Completed four years later in 68 AD, the statue was designed by the Greek sculptor Zenodorus and was recorded by Pliny the Elders to have stood at an extraordinary 106.5 Roman feet (30.3 meters) in his Natural History. The bronze exterior would have sparkled in the Italian sunshine, but within it was hollow and supported by a framework of iron and wood. One of the tallest structures in the ancient world, Suetonius claimed that it was so tall a ship could sail through its legs. The Colossus served as a looming reminder of the emperor’s omnipotence in the heart of the Roman world.
Unfortunately for him, the emperor who commissioned the Colossus did not last much beyond the statues completion. In the year 68 AD the Roman aristocracy had tired of his cruelty and ineptitude. Forsaken by all except one slave, Nero committed suicide and brought to an end the line of Julio Claudian’s who had ruled Rome since Augustus.

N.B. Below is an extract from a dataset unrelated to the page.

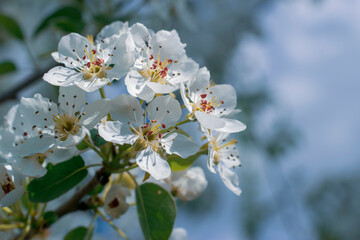 Spring apple tree white flower bloom.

The Roman World fell into anarchy with four men ascending the throne in one year until only one, Vespasian, remained.

However, this was not the end for the Colossus. Although built in the image of the fallen emperor, Vespasian didn’t destroy the statue. He instead opted to rename it the ‘Colossus Solis’ after the Roman sun god and moved it to a new location. This was in the vicinity of another wonder of the ancient world, the Flavian Amphitheatre, or as it is more commonly referred as today (perhaps due to its association with the Colossus), the Colosseum.
The Colossus would watch emperors come and go for the next 300 years, a domineering feature of the ancient Roman skyline. It served as a reminder of the wealth and power of the Empire to which it belonged. Perhaps then, it was symbolic of the demise of Rome that it was destroyed sometime in the early 5th century AD. There is no definitive end to the Colossus, with vandalism, earthquakes and fire all having been suggested as causing the great statue to tumble. The bronze and any jewels that adorned it were then stolen.
An illustration of the autocratic, egotistical, matricidal maniac that was Nero? Yes. But nonetheless the Colossus was a wondrous marvel of the ancient world. It was an incredible feat of engineering that was symbolic of the awesome power and wealth of the Roman state in the 1st century AD. It is therefore perhaps fitting that the state and the statue would ultimately share the same fate.